"To hunker" is a verb Minnesotans have become far too familiar with this winter. Those who are weary of hunkering down during the current bitter blast will be heartened by news that they should be able to venture outdoors without wearing three layers of winter gear by midweek.
But in the meantime, KSTP reports that a wind chill advisory remains in effect for much of the state. The extreme temperatures mean frostbite is an issue for exposed skin. Overnight Monday, temperatures will drop to a low of minus 13, and an even colder wind chill of minus 25.
The station says that Minnesotans will have to contend with these dangerous subzero temperatures through midday Tuesday, when the extremes begin to ease. The mercury should push into the low teens by Tuesday afternoon and all the way up to 30 on Wednesday before falling back into the teens for the remainder of the week.
Warmer temperatures should continue into the upcoming weekend, but the relief comes with snowfall. The weather forecast in the Star Tribune predicts that light snow could begin Tuesday, with as many as four additional snow-bearing clippers possible though next weekend.

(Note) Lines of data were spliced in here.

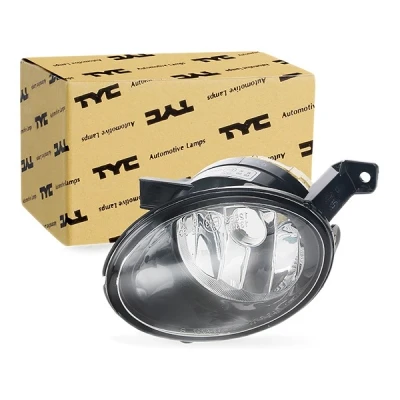 Kuva TYC 19 0798 01 9 Sumuvalot Vasen VOLKSWAGEN: Jetta 4, Touran I, Golf 6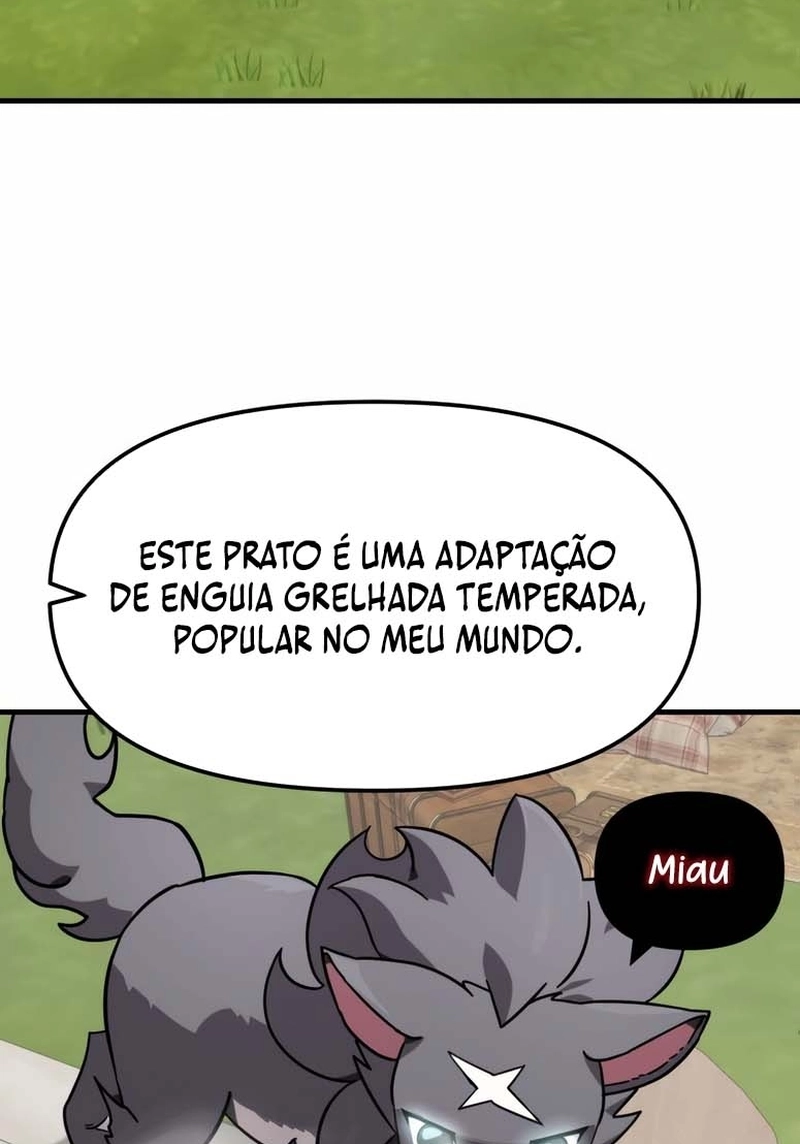 Mordomo Rank S Capítulo 16 Página 109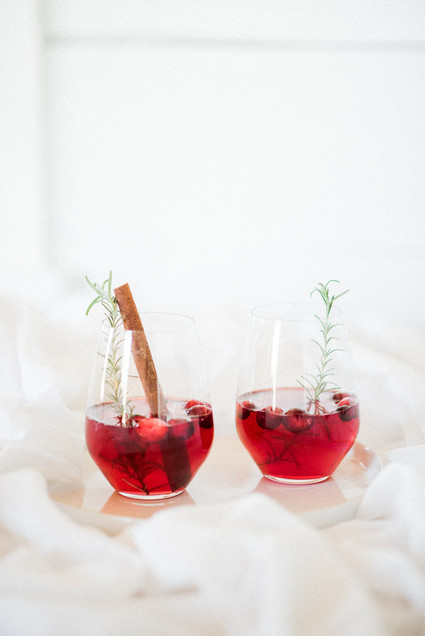 christmas cocktail Inspiration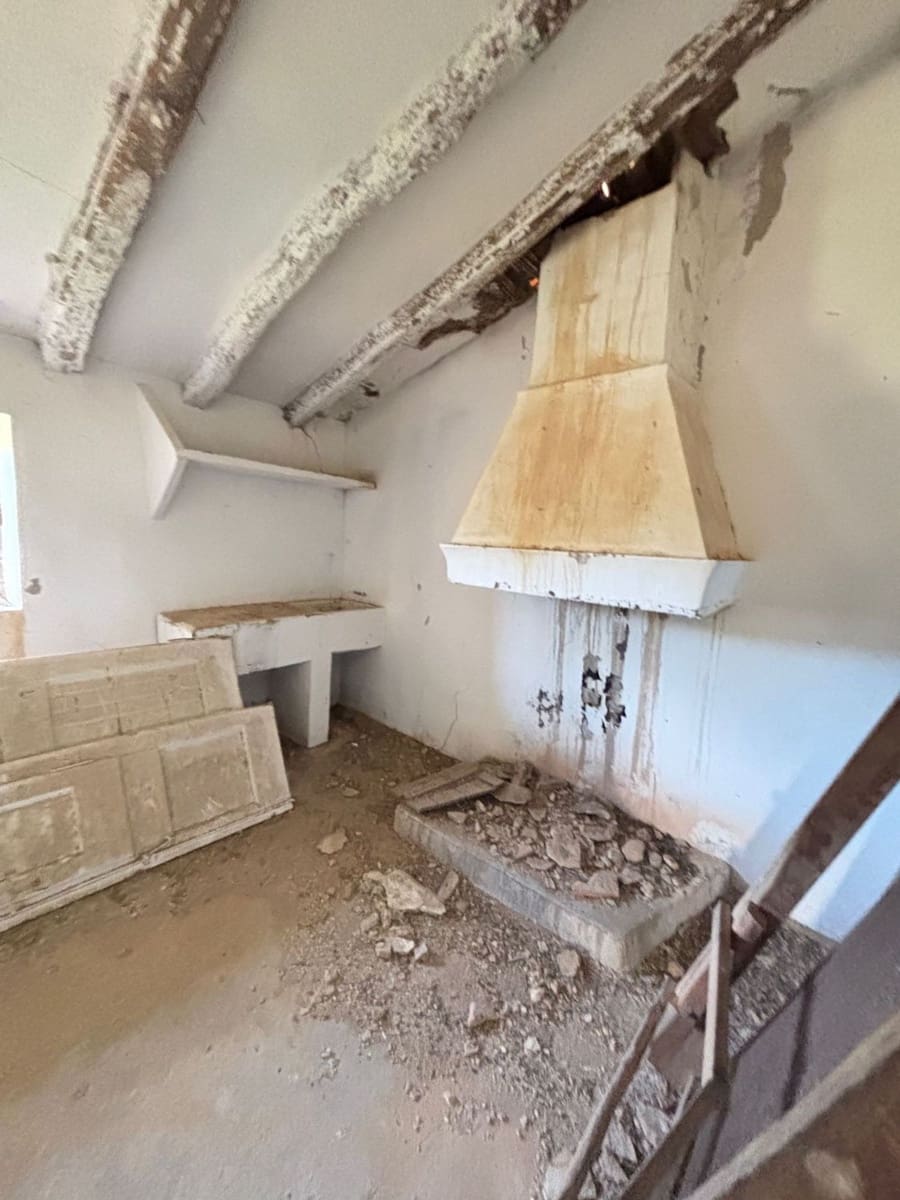 4 camera da letto Finca/Casa di Campagna in vendita in Benifallet con garage - 85.000 € (Rif: 8149258)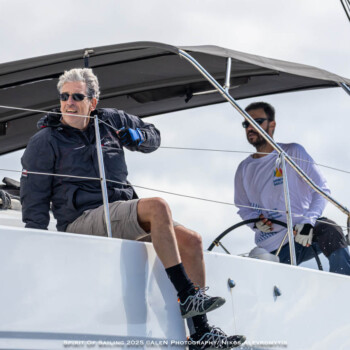 Spirit of Sailing ©AleN Photography/ Nikos Alevromytis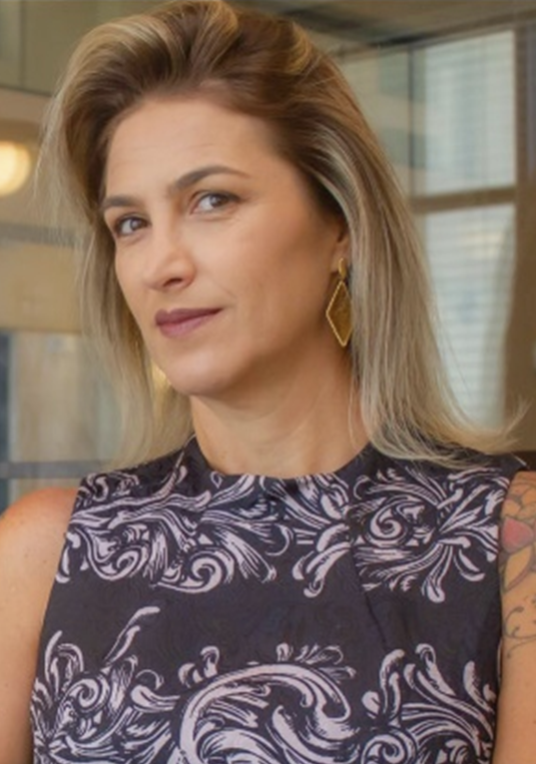 New PGAC Member: Thais Ayala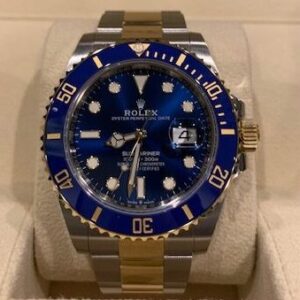 126613LB/ロレックス　ROLEX　サブマリーナー　腕時計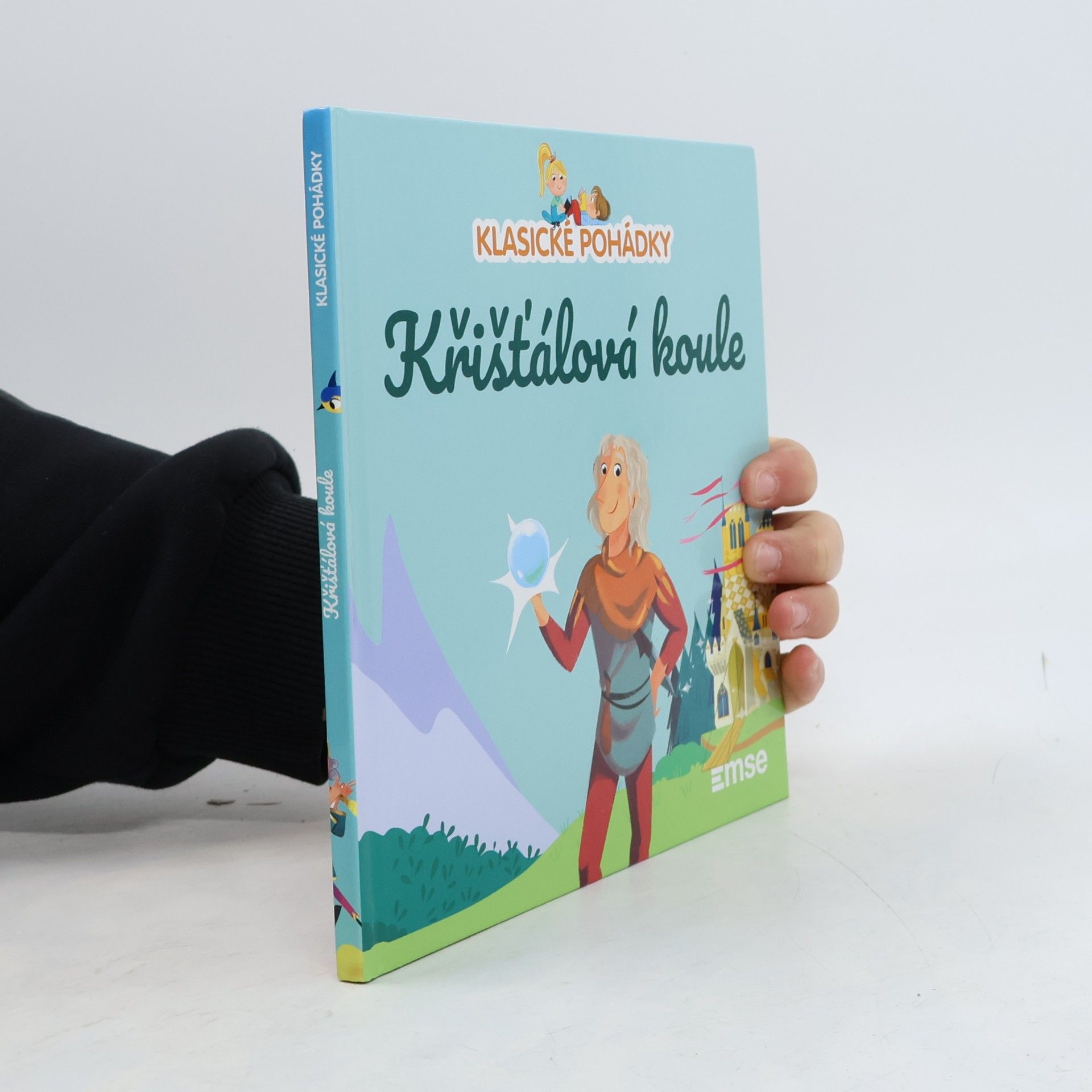 Kolektiv autorů Křišťálová koule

On his MPR Updraft blog, meteorologist Paul Huttner says that if you think you haven't had to put up with weather this punishing for a while, you are correct. "If you’re under 32 or moved to Minnesota in the past three decades, you’ve never endured a winter quite like this," he writes. The Duluth News Tribune reported that the city matched its record for most consecutive days with the daily low temperature below zero. The record is 22 days in a row, previously set in 1936 and 1963.

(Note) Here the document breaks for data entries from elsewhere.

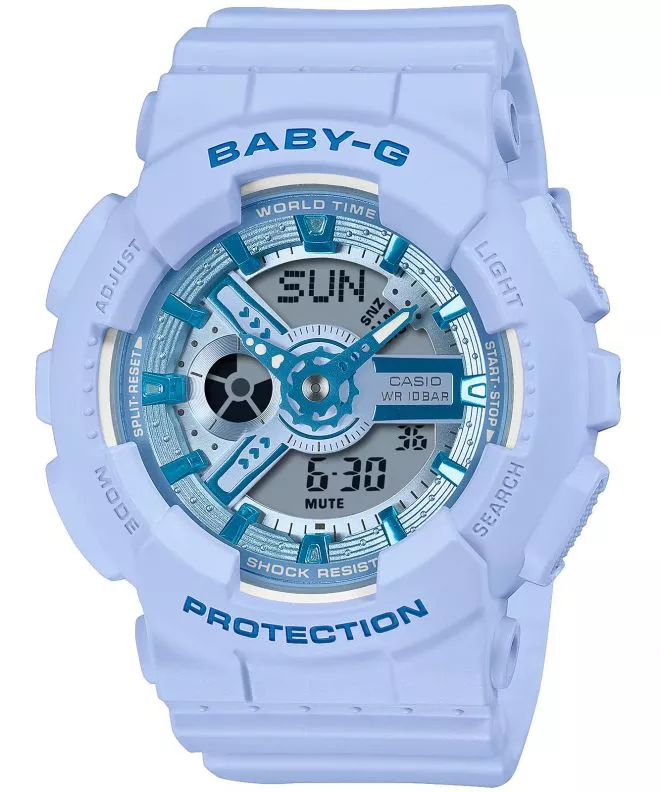 Casio BABY-G Urban watch BA-110YK-2AER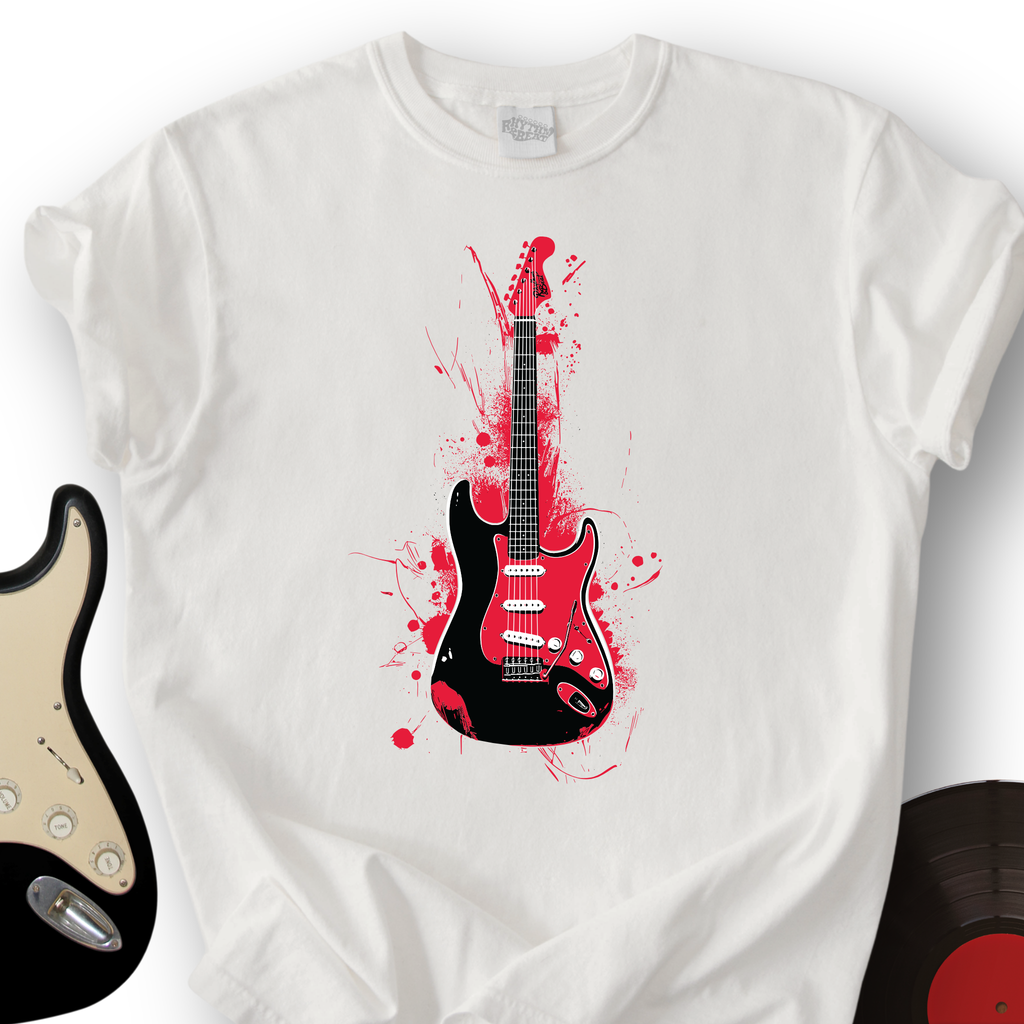 Crimson Riff T-Shirt product image 5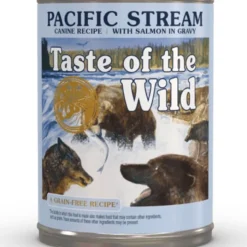 Taste Of The Wild Húmedos^Dog Adult Pacific Stream Salmon 390gr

Writing in the Star Tribune, meteorologist Todd Nelson calls the current cold "lung-burning." He notes that the average temperature in both December and January ran more than 7 degrees below average. That trend has continued so far in February, with readings nearly 14 degrees below the average.
Cheer up. Nelson writes that warmer weather is possible in the second part of February, according to extended weather models.